[HarfBuzz] Indic Test Suite :: "Indie"

Ed Trager ed.trager at gmail.com
Wed Aug 26 11:17:13 PDT 2009


Hi, Everyone,

I've started to put together a program (written in C++ and called
"Indie" as in "Indie band", "Indie film", etc.) that can be easily
customized to generate Indic test suite data.  I would like to get
everyone's feedback to see if my approach is on track and to solicit
additional ideas and help.  So please provide feedback:

(1) The heart of the program is a "Markup Language Reporter" (MLR)
base class.  Derived non-virtual report classes include TEXTR, XMLR,
XHTMLR, and JSONR.  This means that the same test data "report" can be
produced in text, XML, XHTML, or JSON formats.  This is exceedingly
convenient for both automated and human-based processing. :-)
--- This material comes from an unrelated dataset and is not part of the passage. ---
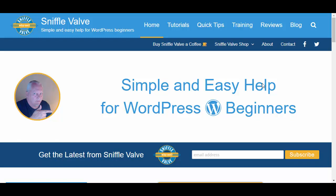Hey everybody, welcome to another Sniffle Valve video. In this video I'm going to show you how you can set up some Elementor created content that will display up above the header as a banner.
(2) Secondly, the program takes advantage of the fact that the
ordering of vowels and consonants across the Unicode blocks for the
major Indic scripts is consistent.  The program has (or when finished
will have) header files containing meta data for each script, and an
important item of meta data in the header files is the "offset" value.
 Script offsets are relative to Devanagari: the offset for Bengali,
for example, is 0x0080.  So, for example, once you have:

     <hex>0x0915, 0x093f</hex>
     <utf8>कि</utf8>

... as a test case for testing Devanagari KA + I, you can just add the
offset for Bengali (0x0080) to produce the equivalent test case for
Bengali:

    <hex>0x0995, 0x09bf</hex>
    <utf8>কি</utf8>

... and obviously you can continue in this manner to cover all of the
major Indic scripts.

There are of course differences among the Indic scripts -- some of you
on this list hopefully know a lot more about this than I do!
Therefore, I'm sure that for some specific scripts there will need to
be specific tests that don't generalize across all other Indic
scripts.  On the other hand, there also exist classes of test cases
that *do* generalize across all the Indic scripts -- for example tests
of dependent vowels, tests of the new ZWJ+HALANT behaviors, etc.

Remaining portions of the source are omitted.